There's a bunch of good books on the subject, of course, but off the top of my head Dan Bernadot's Advanced Sports Nutrition is worth reading. It's fairly broad, but goes deep enough into most subjects to make it valuable to almost any athlete. Not full of BS, and offering plenty of good insights. Definitely recommended.


----------



## CoryKS (May 18, 2010)

The Fighter's Body is a good book to have.  The diet/nutrition information in this book is pretty standard.  There's only so many ways to tell people to eat right and exercise, and you'll find similar material in just about any book dealing with the subject.  But Christensen's writing style is hilarious and DeMeere brings a lot of knowledge to the partnership.  
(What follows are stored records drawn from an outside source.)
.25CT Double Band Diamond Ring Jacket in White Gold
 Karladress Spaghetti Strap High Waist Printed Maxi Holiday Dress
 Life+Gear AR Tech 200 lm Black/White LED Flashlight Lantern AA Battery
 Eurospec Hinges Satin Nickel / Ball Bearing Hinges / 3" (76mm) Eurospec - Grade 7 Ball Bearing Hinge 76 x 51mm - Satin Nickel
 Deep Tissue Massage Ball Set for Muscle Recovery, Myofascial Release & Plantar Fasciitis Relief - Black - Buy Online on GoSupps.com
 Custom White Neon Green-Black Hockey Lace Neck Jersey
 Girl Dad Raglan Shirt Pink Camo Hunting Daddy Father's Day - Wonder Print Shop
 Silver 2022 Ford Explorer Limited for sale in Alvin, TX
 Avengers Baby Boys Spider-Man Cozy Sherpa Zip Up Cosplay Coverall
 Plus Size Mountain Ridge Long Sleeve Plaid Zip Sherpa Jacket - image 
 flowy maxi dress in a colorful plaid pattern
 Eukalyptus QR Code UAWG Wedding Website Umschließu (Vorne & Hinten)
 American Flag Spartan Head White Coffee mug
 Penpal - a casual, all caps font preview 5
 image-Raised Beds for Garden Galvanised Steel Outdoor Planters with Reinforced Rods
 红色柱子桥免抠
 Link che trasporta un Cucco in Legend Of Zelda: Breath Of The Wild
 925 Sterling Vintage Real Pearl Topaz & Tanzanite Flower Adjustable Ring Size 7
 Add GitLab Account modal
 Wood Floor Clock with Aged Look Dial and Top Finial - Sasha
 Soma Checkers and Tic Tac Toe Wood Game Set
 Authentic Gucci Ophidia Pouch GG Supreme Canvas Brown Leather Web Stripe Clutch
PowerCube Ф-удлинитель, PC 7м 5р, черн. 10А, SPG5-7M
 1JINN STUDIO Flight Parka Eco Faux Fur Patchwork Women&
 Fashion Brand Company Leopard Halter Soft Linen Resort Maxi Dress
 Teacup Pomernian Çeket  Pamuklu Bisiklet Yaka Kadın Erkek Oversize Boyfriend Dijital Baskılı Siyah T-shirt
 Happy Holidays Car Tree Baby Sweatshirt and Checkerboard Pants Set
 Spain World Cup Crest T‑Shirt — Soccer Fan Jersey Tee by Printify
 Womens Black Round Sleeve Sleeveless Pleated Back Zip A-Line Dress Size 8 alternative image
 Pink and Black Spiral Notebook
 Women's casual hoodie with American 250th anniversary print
Also consider looking at an online diet/exercise journal such as myfitnesspal.com.  I hate calorie counting, but after a few weeks of using it I was able to more accurately estimate what I was taking in.


----------



## SensibleManiac (May 18, 2010)

Optimum Sports Nutrition, Dr. Michael Colgan


----------



## Harald (May 19, 2010)

Has Colgan's book been updated and revised lately, and if so what's the new version like? It's a solid book and I loved it when it came out but that seems like half a life ago so it's a bit long in the tooth now. If it's been revised lately I'll probably order it myself.


----------



## robertlk808 (May 22, 2010)

I just got my book "The Primal Blueprint" which is based of the Paleo I think.  
Seems really simple actually. Pretty good forum with quite a few martial artists within the forums.


----------



## shane (Jun 21, 2010)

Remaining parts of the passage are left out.